• _TASK DETAILS_: Nothing outside the lines below from the one containing "Tapa de Henry Timrod" through the one containing "Old fashioned photographer" is to be printed; print those exactly, ends included, and drop the pictures.
MATERIAL TO PROCESS START
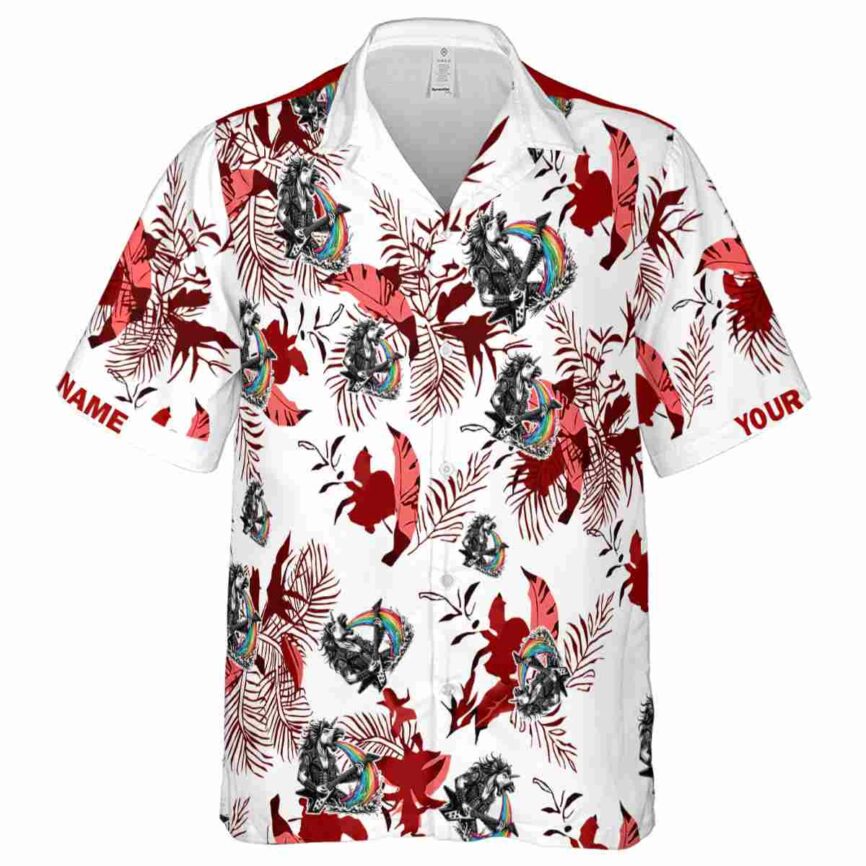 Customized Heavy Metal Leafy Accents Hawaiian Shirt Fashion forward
MATERIAL TO PROCESS END
MATERIAL TO PROCESS START
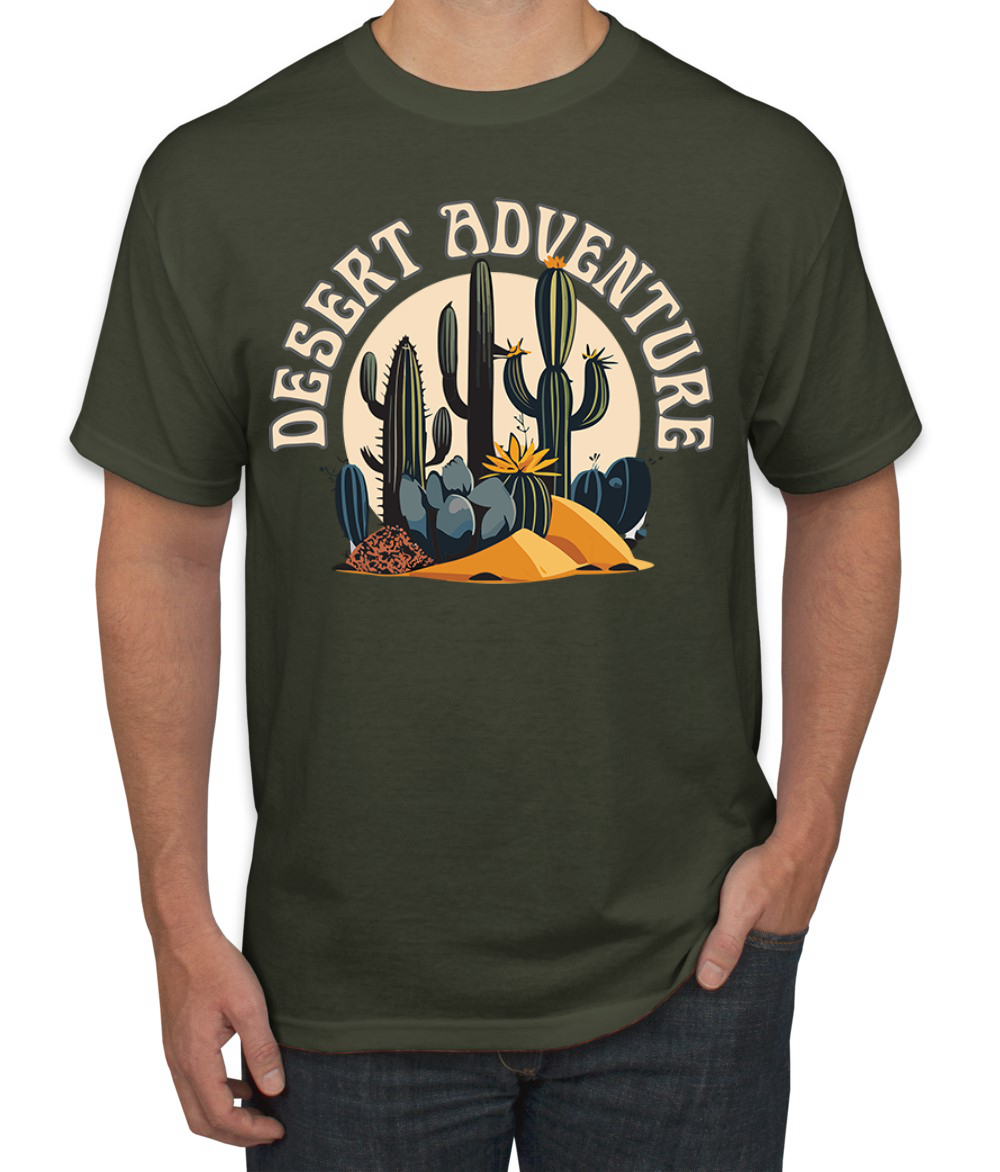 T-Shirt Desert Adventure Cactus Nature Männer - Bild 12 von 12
MATERIAL TO PROCESS END
MATERIAL TO PROCESS START
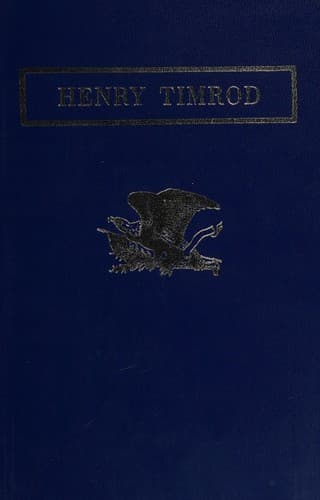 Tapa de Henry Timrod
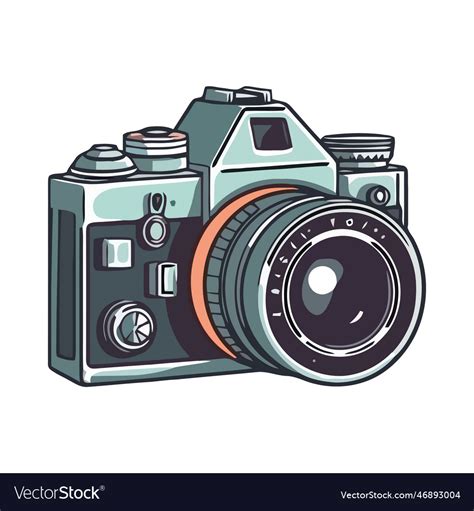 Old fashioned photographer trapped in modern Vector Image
MATERIAL TO PROCESS END
• _OUTPUT_:
 Tapa de Henry Timrod
 Old fashioned photographer trapped in modern Vector Image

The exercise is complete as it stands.